Pedestrian signs don’t all mean ‘walk’
In front of the Hawaii State Federal Credit Union on Hotel Street, there is a street sign showing an image of a pedestrian walking. This sign is about halfway between Alakea and Richards streets and not close to any crosswalk. I'm curious -- is it OK to cross the street at this sign, or would this be jaywalking?
Answer: You'd be jaywalking if you crossed there, according to the Honolulu Police Department.
The sign might be confusing, especially where it's posted, and we saw at least one person crossing right at that sign one day.
But that sign is meant for motorists, not pedestrians.
There are two types of signs in that area, as well as in other areas downtown, said HPD Lt. Jerry Wojcik, of the Traffic Division.

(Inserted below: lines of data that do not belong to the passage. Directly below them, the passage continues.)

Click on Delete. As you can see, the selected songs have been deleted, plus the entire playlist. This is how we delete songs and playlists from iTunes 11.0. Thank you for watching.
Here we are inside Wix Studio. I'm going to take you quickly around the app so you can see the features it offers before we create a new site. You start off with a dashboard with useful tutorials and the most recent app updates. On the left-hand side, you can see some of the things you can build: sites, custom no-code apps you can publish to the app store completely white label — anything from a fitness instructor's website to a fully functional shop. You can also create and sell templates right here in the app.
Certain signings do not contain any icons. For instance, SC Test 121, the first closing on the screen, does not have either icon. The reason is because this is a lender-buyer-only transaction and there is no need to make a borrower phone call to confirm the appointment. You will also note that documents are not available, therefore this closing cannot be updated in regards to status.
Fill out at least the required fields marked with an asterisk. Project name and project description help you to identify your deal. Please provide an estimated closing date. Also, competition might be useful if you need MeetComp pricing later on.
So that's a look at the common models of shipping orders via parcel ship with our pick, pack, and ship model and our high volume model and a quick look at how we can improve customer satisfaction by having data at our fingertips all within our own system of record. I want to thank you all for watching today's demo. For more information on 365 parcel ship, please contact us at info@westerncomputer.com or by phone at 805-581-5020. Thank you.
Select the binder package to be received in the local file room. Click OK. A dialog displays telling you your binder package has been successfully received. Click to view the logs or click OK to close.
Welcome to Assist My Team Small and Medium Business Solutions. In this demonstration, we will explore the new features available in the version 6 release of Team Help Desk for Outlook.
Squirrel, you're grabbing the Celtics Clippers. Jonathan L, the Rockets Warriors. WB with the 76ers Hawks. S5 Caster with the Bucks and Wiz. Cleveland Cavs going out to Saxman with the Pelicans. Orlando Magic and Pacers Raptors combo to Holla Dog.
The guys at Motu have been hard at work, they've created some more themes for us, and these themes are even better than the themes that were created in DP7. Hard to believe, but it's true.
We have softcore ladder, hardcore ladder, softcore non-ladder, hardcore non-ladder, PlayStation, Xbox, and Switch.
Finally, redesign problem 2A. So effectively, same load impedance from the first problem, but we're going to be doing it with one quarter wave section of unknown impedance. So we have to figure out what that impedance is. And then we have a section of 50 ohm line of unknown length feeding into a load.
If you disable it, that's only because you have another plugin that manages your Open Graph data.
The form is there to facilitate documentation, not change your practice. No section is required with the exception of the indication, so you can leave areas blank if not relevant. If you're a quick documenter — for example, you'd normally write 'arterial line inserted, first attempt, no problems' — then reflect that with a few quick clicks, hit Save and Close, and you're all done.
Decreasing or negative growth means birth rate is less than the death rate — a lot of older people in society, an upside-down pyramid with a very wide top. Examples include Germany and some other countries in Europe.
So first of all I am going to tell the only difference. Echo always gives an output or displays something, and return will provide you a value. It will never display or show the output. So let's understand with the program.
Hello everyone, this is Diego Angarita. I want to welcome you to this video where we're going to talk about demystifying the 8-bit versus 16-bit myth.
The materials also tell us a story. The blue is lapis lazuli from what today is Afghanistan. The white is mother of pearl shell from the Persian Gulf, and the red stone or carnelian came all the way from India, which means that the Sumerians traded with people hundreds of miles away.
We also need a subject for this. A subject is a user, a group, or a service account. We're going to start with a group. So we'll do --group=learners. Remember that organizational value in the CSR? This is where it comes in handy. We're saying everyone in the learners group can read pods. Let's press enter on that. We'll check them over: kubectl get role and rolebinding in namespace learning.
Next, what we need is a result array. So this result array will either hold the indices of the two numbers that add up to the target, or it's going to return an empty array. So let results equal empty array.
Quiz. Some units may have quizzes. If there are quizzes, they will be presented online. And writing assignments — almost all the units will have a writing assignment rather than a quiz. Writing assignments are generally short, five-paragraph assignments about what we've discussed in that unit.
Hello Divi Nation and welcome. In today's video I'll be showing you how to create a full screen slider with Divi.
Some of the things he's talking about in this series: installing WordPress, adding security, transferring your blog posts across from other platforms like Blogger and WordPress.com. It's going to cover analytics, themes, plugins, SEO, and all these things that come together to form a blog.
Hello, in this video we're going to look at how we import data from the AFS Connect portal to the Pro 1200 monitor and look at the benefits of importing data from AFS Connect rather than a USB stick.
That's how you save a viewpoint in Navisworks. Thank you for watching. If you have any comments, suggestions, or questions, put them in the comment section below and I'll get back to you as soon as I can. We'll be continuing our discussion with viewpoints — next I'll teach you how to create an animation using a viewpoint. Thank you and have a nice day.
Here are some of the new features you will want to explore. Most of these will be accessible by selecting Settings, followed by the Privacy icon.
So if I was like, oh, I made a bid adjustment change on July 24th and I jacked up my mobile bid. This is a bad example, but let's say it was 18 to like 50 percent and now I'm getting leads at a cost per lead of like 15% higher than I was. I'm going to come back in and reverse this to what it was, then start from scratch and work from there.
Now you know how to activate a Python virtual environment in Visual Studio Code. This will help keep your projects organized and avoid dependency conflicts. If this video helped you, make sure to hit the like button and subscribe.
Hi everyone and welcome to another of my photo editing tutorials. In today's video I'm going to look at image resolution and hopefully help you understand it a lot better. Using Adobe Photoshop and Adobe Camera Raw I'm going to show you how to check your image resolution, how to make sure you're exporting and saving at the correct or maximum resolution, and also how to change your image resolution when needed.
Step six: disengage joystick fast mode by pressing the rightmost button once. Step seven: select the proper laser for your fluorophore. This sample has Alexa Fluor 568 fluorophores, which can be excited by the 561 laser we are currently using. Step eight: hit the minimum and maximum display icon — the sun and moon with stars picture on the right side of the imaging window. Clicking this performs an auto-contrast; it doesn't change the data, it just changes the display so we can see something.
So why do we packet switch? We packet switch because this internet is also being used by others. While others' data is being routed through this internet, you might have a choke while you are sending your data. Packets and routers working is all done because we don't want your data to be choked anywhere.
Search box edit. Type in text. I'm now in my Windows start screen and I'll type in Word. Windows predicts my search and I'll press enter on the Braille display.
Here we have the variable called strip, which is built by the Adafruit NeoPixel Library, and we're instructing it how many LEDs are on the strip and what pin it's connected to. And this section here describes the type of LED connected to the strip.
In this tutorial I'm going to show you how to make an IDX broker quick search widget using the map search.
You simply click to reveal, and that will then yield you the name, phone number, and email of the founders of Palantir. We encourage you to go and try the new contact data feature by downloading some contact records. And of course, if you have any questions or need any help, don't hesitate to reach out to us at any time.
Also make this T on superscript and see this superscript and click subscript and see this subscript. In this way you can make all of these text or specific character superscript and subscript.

"The sign with the image of a walking pedestrian, which is centered between two parallel black lines, denotes a crosswalk," he said. "The sign with just the walking image, without the two lines, is a warning to motorists that a crosswalk is ahead and to use caution."
DENNIS ODA / DODA@STARBULLETIN.COM
A pedestrian runs across Hotel Street where there is a pedestrian crossing sign but no crosswalks.
I live on University Avenue. I don't want to go all the way up to Kinko's on King Street to cross the street, then turn around. There are openings for cars to turn along University Avenue. Are there unmarked crosswalks there? What is an unmarked crosswalk, and how can we tell where they are?
A: Unmarked crosswalks "are the continuation of sidewalks of intersecting streets, or if there is no crosswalk, where a crosswalk would normally be," is how Lt. Wojcik explained it.
If there is an intersecting street, such as at University and Coyne, "then there are unmarked crosswalks continuing from the sidewalks of Coyne across University."
Another example: Kuulei Street also intersects with University Avenue, and there is a marked crosswalk on one side, Wojcik said. "The other side would be an unmarked crosswalk."